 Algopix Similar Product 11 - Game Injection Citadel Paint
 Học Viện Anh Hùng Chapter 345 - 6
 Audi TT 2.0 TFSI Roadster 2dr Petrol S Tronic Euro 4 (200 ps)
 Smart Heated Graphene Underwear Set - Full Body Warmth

= = = =

*TO DO*
Reproduce the listing above in full, word for word.

*RESPONSE*
 Algopix Similar Product 11 - Game Injection Citadel Paint
 Học Viện Anh Hùng Chapter 345 - 6
 Audi TT 2.0 TFSI Roadster 2dr Petrol S Tronic Euro 4 (200 ps)
 Smart Heated Graphene Underwear Set - Full Body Warmth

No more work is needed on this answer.